A granite bench inscribed and dedicated to the Grand Army of the Republic is situated at the front of the soldiers’ lot.

Individuals Buried in Soldiers' Lot:
Beardsley, E. E.
Carson, Alfred H.
Crawford, John N.
Duncan, William G.
Geer, Joel L.
Hochmuth, Sabastian
Kendall, Isaac G.
Marshall, William
Mathieson, Andrew
Oliver, Nicholas
Story, John W.
Taves, John
Tubbs, Edwin C.

** There are other Civil War veterans scattered throughout Forest Hill.

Orphans Memorial
In 1866 the Harvey Hospital was converted into a home for the children of Union soldiers whose parents were either killed or unable to care for them. For nine years the Soldiers’ Orphans Home cared for these children; during this time eight orphans died at the home. These orphans were buried here in the Soldiers’ Lot, and the Soldiers’ Orphans Monument was erected and dedicated on Decoration Day (now Memorial Day) in 1873. The tall marble obelisk is inscribed with the children’s names.

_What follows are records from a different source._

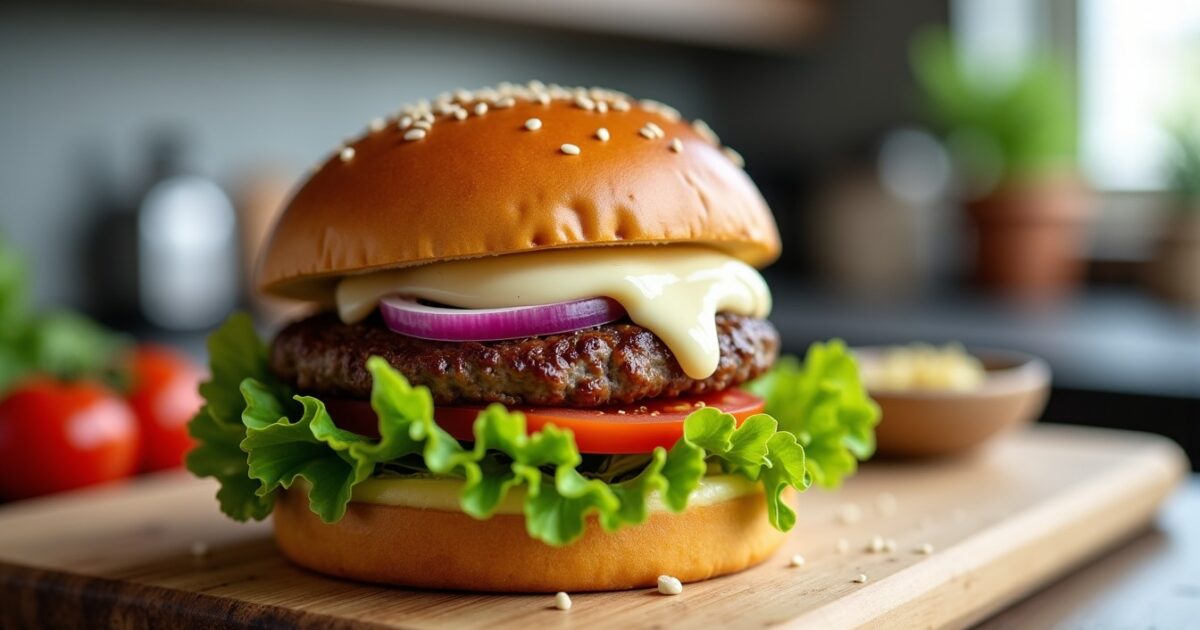 Burger à la mozzarella : recette savoureuse et conseils essentiels pour la réussir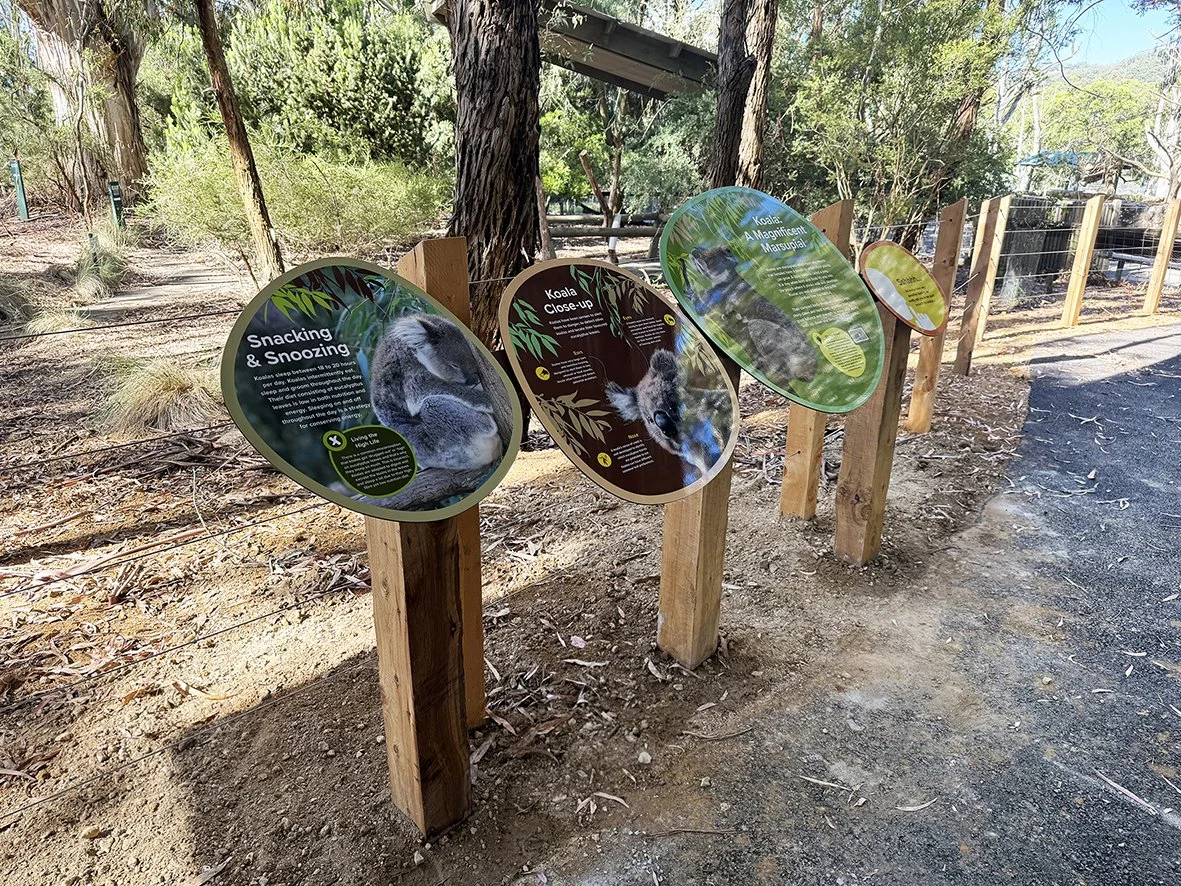 Custom built informative signage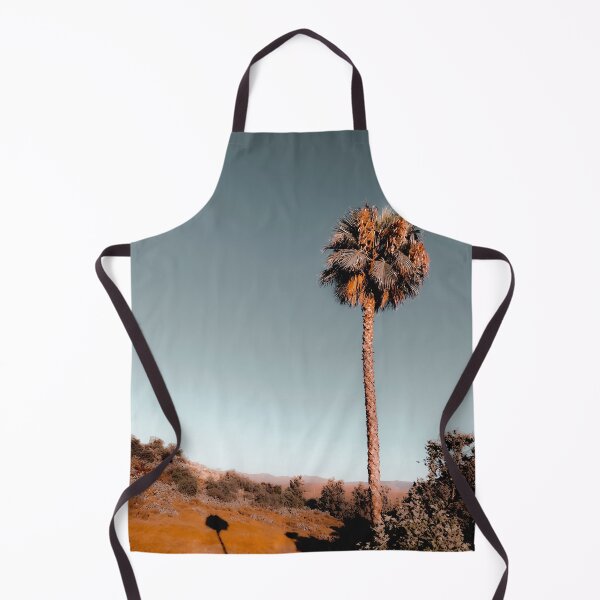 Item preview, isolated palm tree with blue sky background designed and sold by Mrvell.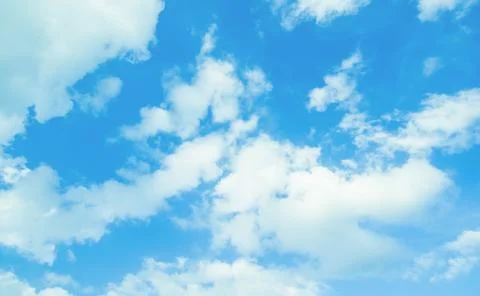 Cloud in blue sky Stock Photos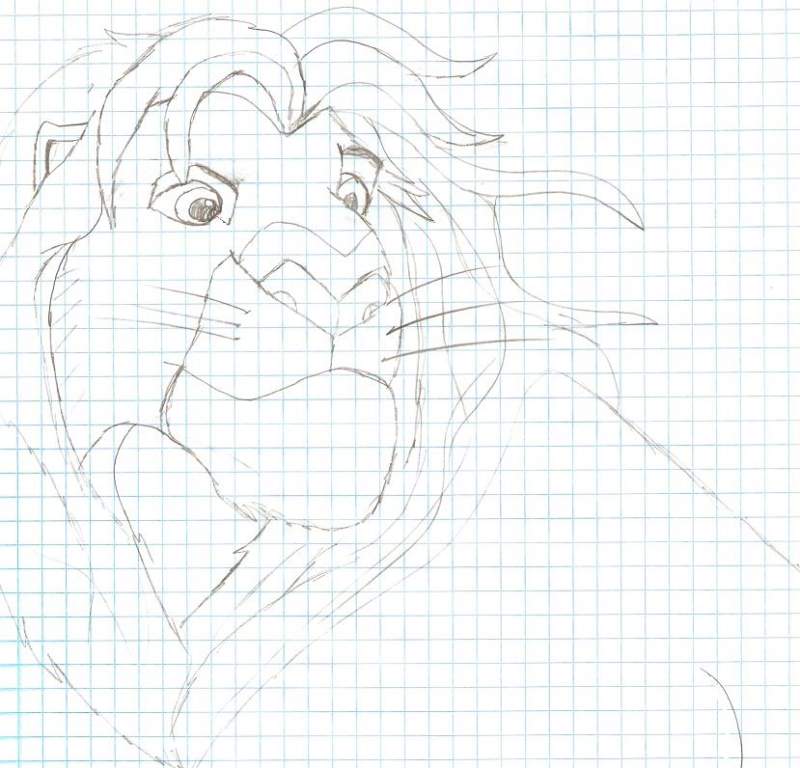 Simba, all grown up!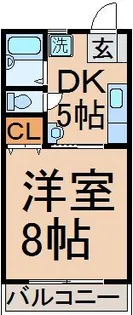 マロンセントラル【2階】の間取り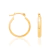 Brinco rommanel folheado a ouro formato argola - comprar online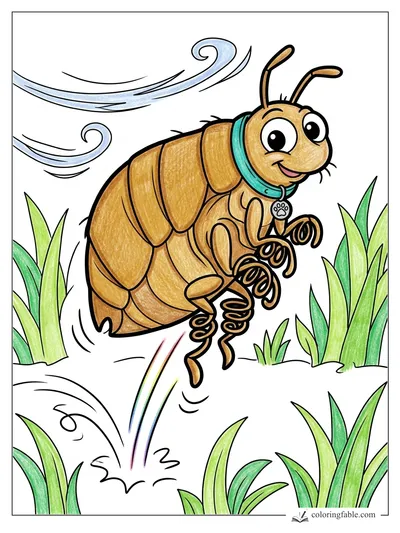 Colored example of this coloring page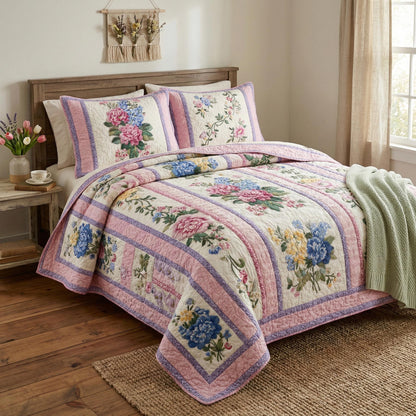 Garden Whispers 3-Piece Quilted Bedding Set NCU0TD2524
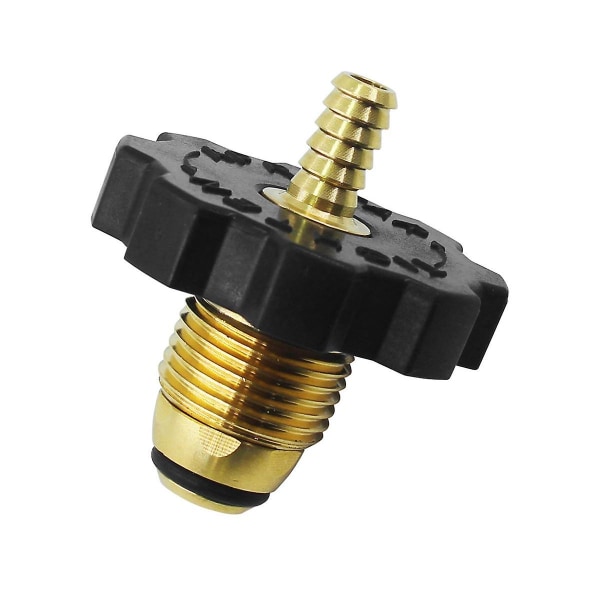 Myk nese-adapter for propanbeholder med 1/4 tommers slangebarb LP-beholderadapter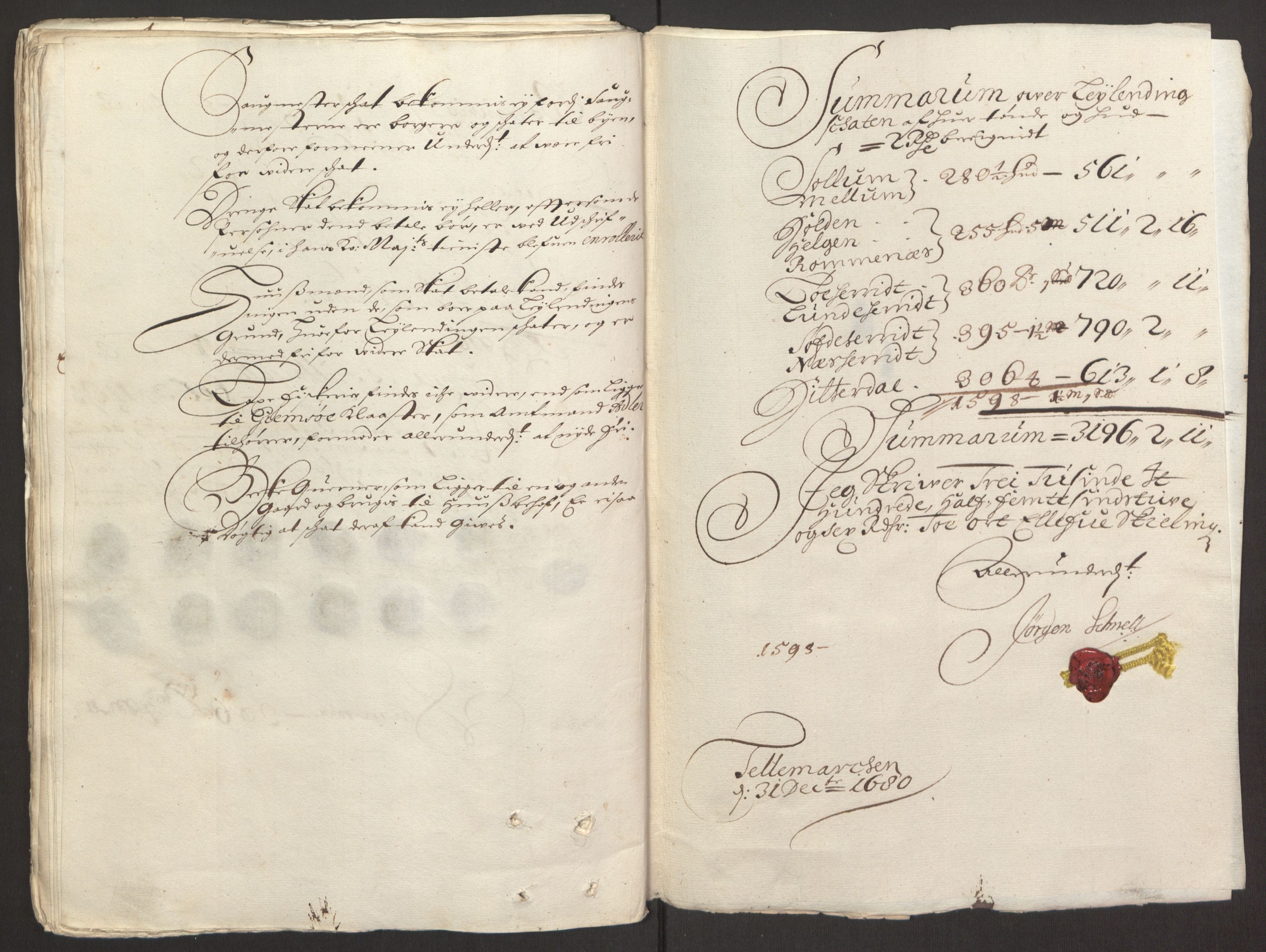 Rentekammeret inntil 1814, Reviderte regnskaper, Fogderegnskap, AV/RA-EA-4092/R35/L2075: Fogderegnskap Øvre og Nedre Telemark, 1680-1684, p. 221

The city of Madison donated the 0.36-acre plot, located in Section 34, to the federal government in 1886, the last burial was in 1931. Civil War veterans constitute the majority of the interments; however, there are also Spanish-American War and World War I veterans buried here.

Unkown Soldiers Memorial from the Woman's Relief Corps:
The Woman’s Relief Corps, No. 37, erected a large boulder memorial dedicated to the memory of the unknown dead in 1891.